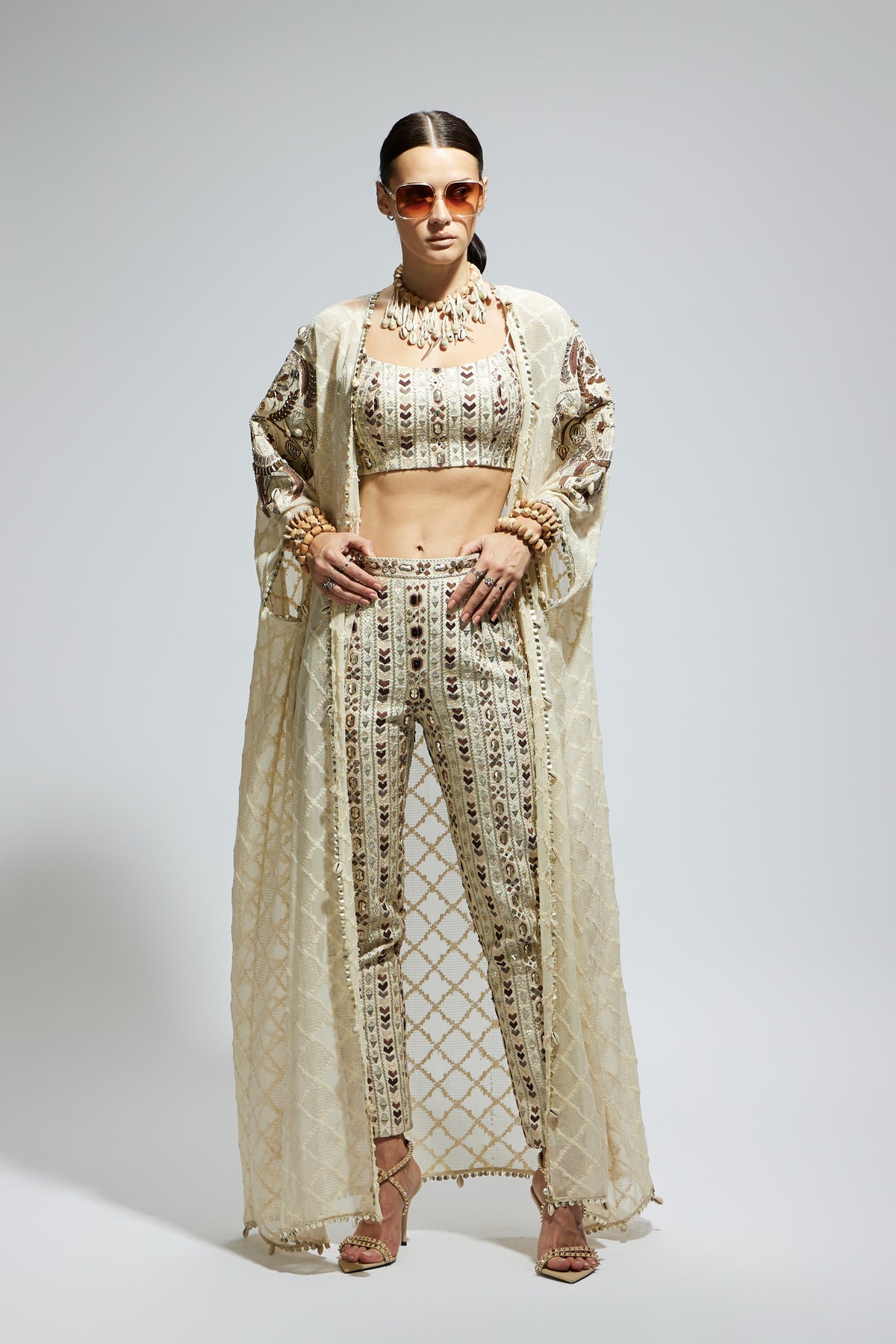 Ivory Aztec Embellished Cape Set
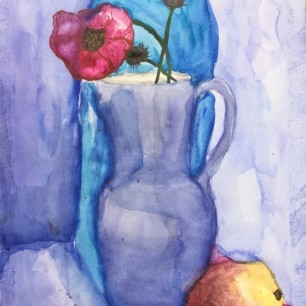 Натюрморт с маком и гранатом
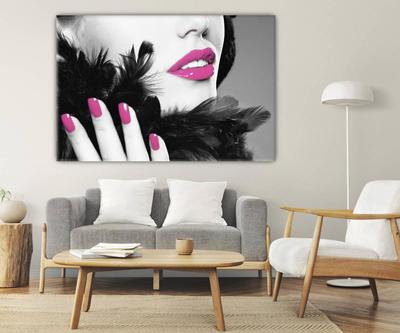 Парфюмерные постеры для макияжа и принты на стену салона красоты розовая  помада сексуальная леди холст картины украшение для спальни домашний декор  | AliExpress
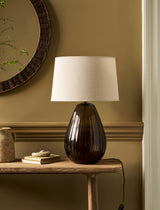 Garden Trading Alderton Table Lamp Antique Antique Brown Glass with Shade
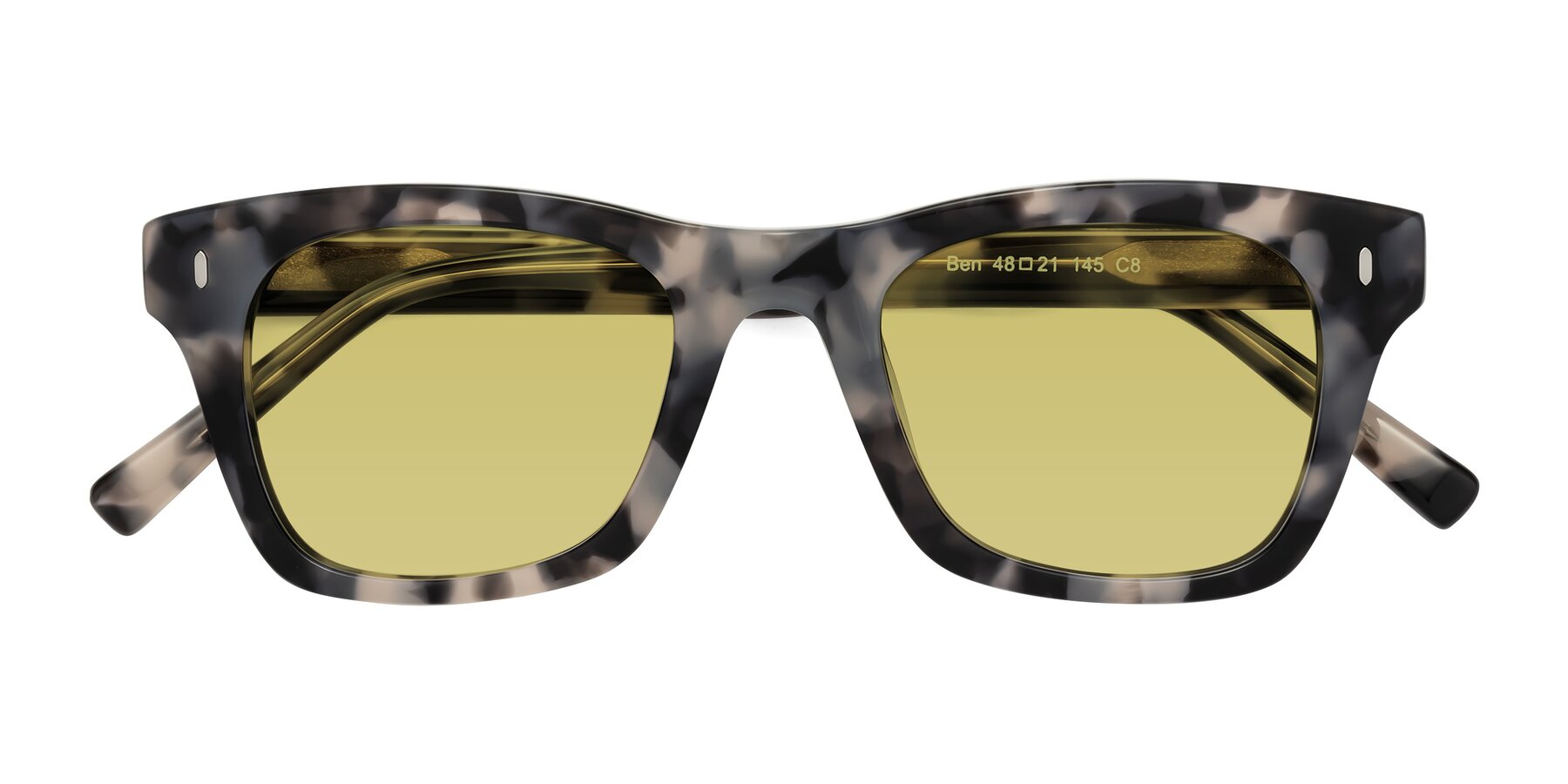 Folded Front of Ben in Ivory Tortoise with Medium Champagne Tinted Lenses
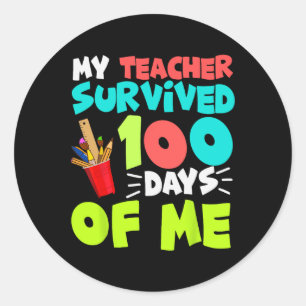 Sticker Rond 100 Jours De Scolaires Garçons Filles Enfants Ense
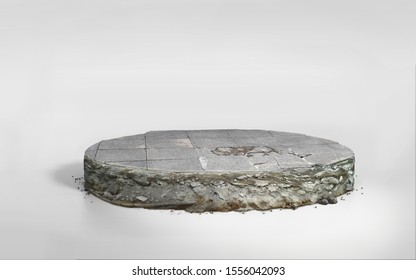 3D Illustration Circle Cross Section, Stone Ground In Round Cutaway, Realistic 3D Crack Concrete Floor Isolated On White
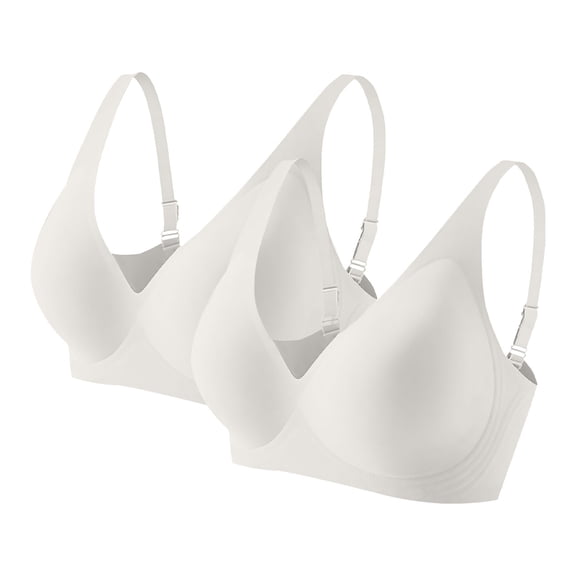 Hugcore Wireless Push Up Bra Women's V Neck Seamless Bra No Underwire Soft Comfort Push Up Bras Everyday Sports Bras Supportive Bras for Women B L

What is expected — Restate the data word for word and exclude every picture.

Answer below —
 Ivory Aztec Embellished Cape Set
 Натюрморт с маком и гранатом
 Парфюмерные постеры для макияжа и принты на стену салона красоты розовая  помада сексуальная леди холст картины украшение для спальни домашний декор  | AliExpress
 Garden Trading Alderton Table Lamp Antique Antique Brown Glass with Shade
 Folded Front of Ben in Ivory Tortoise with Medium Champagne Tinted Lenses
 Sticker Rond 100 Jours De Scolaires Garçons Filles Enfants Ense
 3D Illustration Circle Cross Section, Stone Ground In Round Cutaway, Realistic 3D Crack Concrete Floor Isolated On White
 Hugcore Wireless Push Up Bra Women's V Neck Seamless Bra No Underwire Soft Comfort Push Up Bras Everyday Sports Bras Supportive Bras for Women B L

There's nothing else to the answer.